***** Material to process

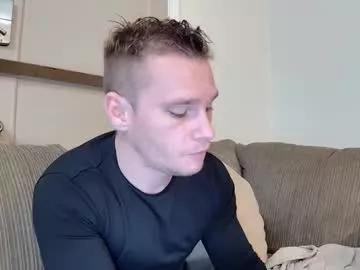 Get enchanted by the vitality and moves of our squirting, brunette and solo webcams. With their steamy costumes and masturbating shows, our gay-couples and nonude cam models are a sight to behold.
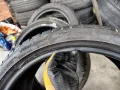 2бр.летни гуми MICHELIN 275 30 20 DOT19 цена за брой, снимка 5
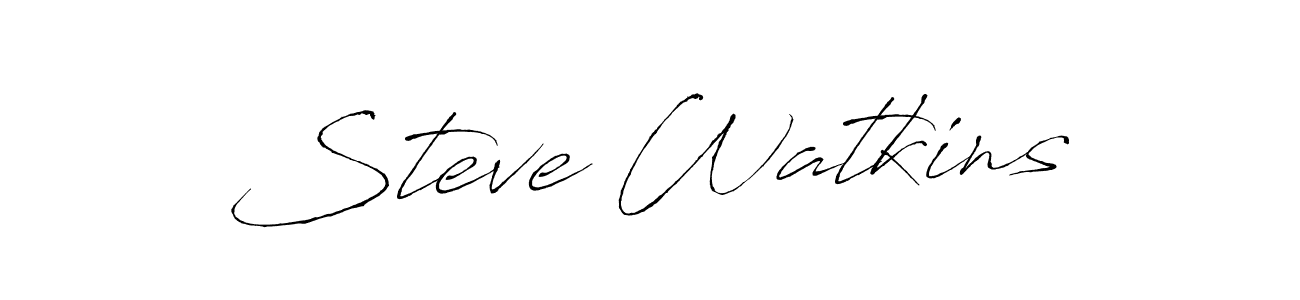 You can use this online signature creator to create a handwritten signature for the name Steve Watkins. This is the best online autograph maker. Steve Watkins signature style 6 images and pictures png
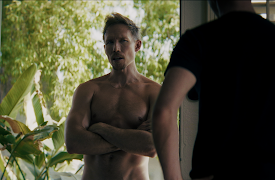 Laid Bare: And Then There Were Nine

**********
***** Material to process

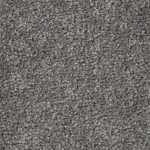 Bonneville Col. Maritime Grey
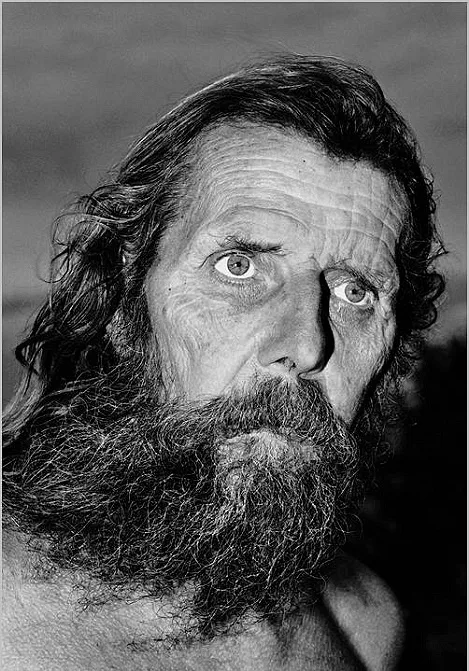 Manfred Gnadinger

**********

### Exercise description
Within the listing above, copy exactly the lines that start at the one with "You can use" and continue through the one with "Laid Bare: And Then There Were Nine". Omit pictures.

### Written answer
 You can use this online signature creator to create a handwritten signature for the name Steve Watkins. This is the best online autograph maker. Steve Watkins signature style 6 images and pictures png
 Laid Bare: And Then There Were Nine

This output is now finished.